Rusya’nın; Suriye’deki ateşkes anlaşması konusunda Türkiye ile anlaşması akabinde, Obama giderayak yeni anti-Rusya ambargolarını kapsayan yeni bir yasaya imza attı.
Bu yasaya göre Rusya’nın; Amerika’daki 30’a yakın diplomatı içerisinde FSB (Federal Güvenlik Hizmeti) ve GRU (Devlet İstihbarat İdaresi) görevlileri de yer alıyor. Rusya’nın ABD’deki resmi diplomatik temsilciliklerinde görev alan üyelerinden bir kaçı dâhil, istenmeyen kişiler listesine alınarak deport edilecek.

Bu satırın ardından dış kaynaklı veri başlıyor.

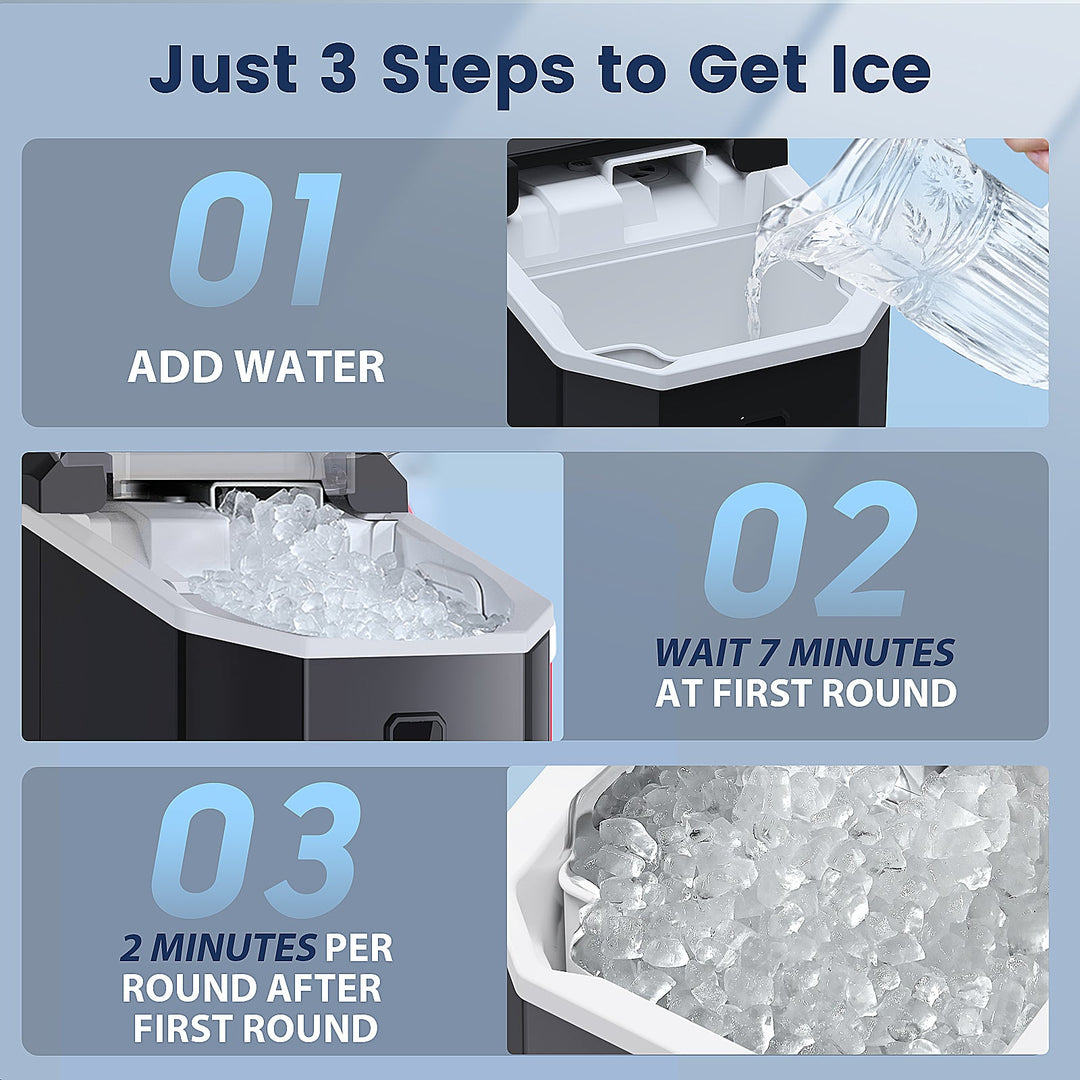 Nugget Pebble Ice Maker Countertop HZB-15NA - Kismile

ABD; kendisine yönelik tüm siber saldırıların arkasında, Rusya’nın durduğu kanaatine sahip!
Seçim döneminde iç politika için olsa bile, adayların kavgalarının esas odak noktalarından biri olarak, Rusya üzerinden siyaset üretmeleri de, esasında Amerika’nın “kendinden emin, her şeye kadir tarzına ve tavrına” kendilerince vurulan darbe olarak yorumlanmakta.
ABD’nin tarzına, duruşuna tamamen ters olan bu tutumuyla esasında, derin Amerikan kaosunun giderek artacağı konumuna işaret etmektedir.
Amerika kimseden korkmazdı! Tüm Hollywood filmlerinde son sözü Amerikalı kahraman gelip söyler ve dünyayı Amerikan hayali kurtarmaz mıydı? Filmlerinde bile düşmanlarını; geri zekalı, salak, acımasız, katil olarak tarif etmezler mi? Kudret sahibi tek gücün, Amerika olduğu fikrini yıllardır dünyaya entegre etmeye gayret edilmedi mi?
Şimdi aynı Amerika, her taşın altındaki sorunun müsebbibi olarak Rusya’yı göstermekte!
Bunu yaparak, yeniden Rusya’yı cazip noktaya sürükledi. Kimseden korkmayan ve ABD’ye kafa tutan bir Rusya meydana getirildi.
Neden mi?
İşte bu yanlış hesaplar, kendilerini çok zeki bildiklerinden, coğrafyaların doğasını ve sosyolojisini iyi okuyamadıklarının göstergesi olsa gerek!
Obama’nın berbat dış politikası sonucunda, Türkiye ve Rusya’ya yönelik yanlış tutumlarından dolayı, neredeyse Suriye konusunda masa dışı kalmakla karşı karşıya galiba!
Amerikan medyası bunu büyük hezimet olarak yorumlamakta! Astana’da yapılacak “Suriye zirvesi” katılımcıları arasında ABD’nin olmaması, yeni Amerikan tarihi için “örneği yaşanmamış süreç” olarak analiz edilmekte.
Türkiye ile NATO müttefikliğine rağmen, terör örgütlerine verdiği destekle, “her ne kadar bunu inkâr etse de” ortadaki vakayı, ABD’nin düşen etkisinin esas nedenlerinden biri olarak okumaktayız.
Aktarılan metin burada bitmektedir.